- Description of the task: Since the copy must hold text only, transcribe the data below exactly and omit the images.

- Collected material:

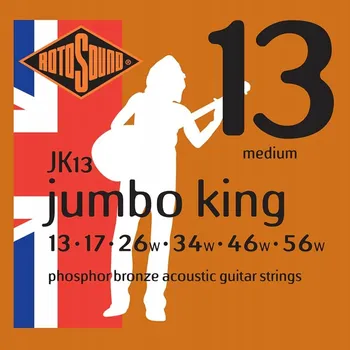 Příslušenství pro strunný nástroj Struny Rotosound JK13 Jumbo King pro akustickou kytaru
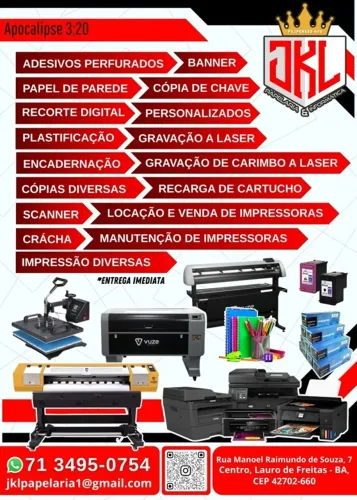 Papelaria Completa e Gráfica Personalizada em Lauro de Freitas - Tudo em um só lugar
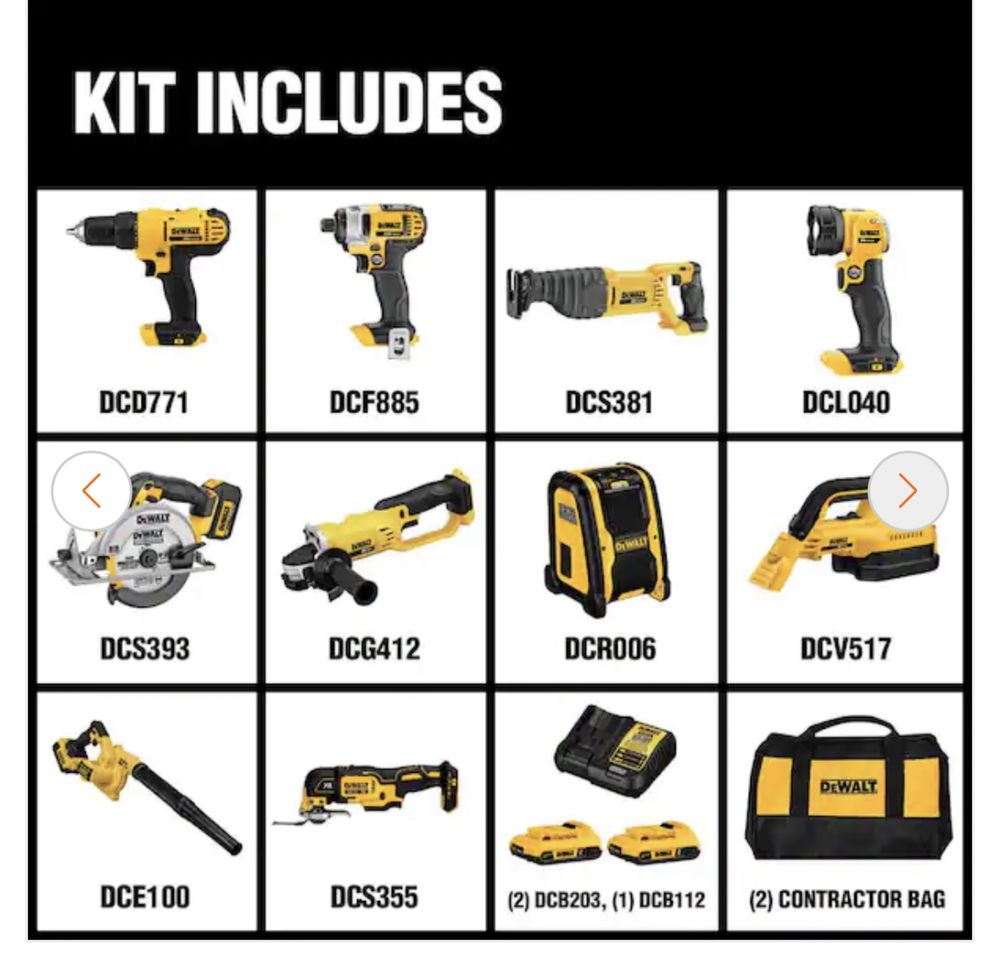 Dewalt, девольт інструмент DCD771, DCF885,DCS381,DCS393,DCG412, DCS356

- Answer box:
 Příslušenství pro strunný nástroj Struny Rotosound JK13 Jumbo King pro akustickou kytaru
 Papelaria Completa e Gráfica Personalizada em Lauro de Freitas - Tudo em um só lugar
 Dewalt, девольт інструмент DCD771, DCF885,DCS381,DCS393,DCG412, DCS356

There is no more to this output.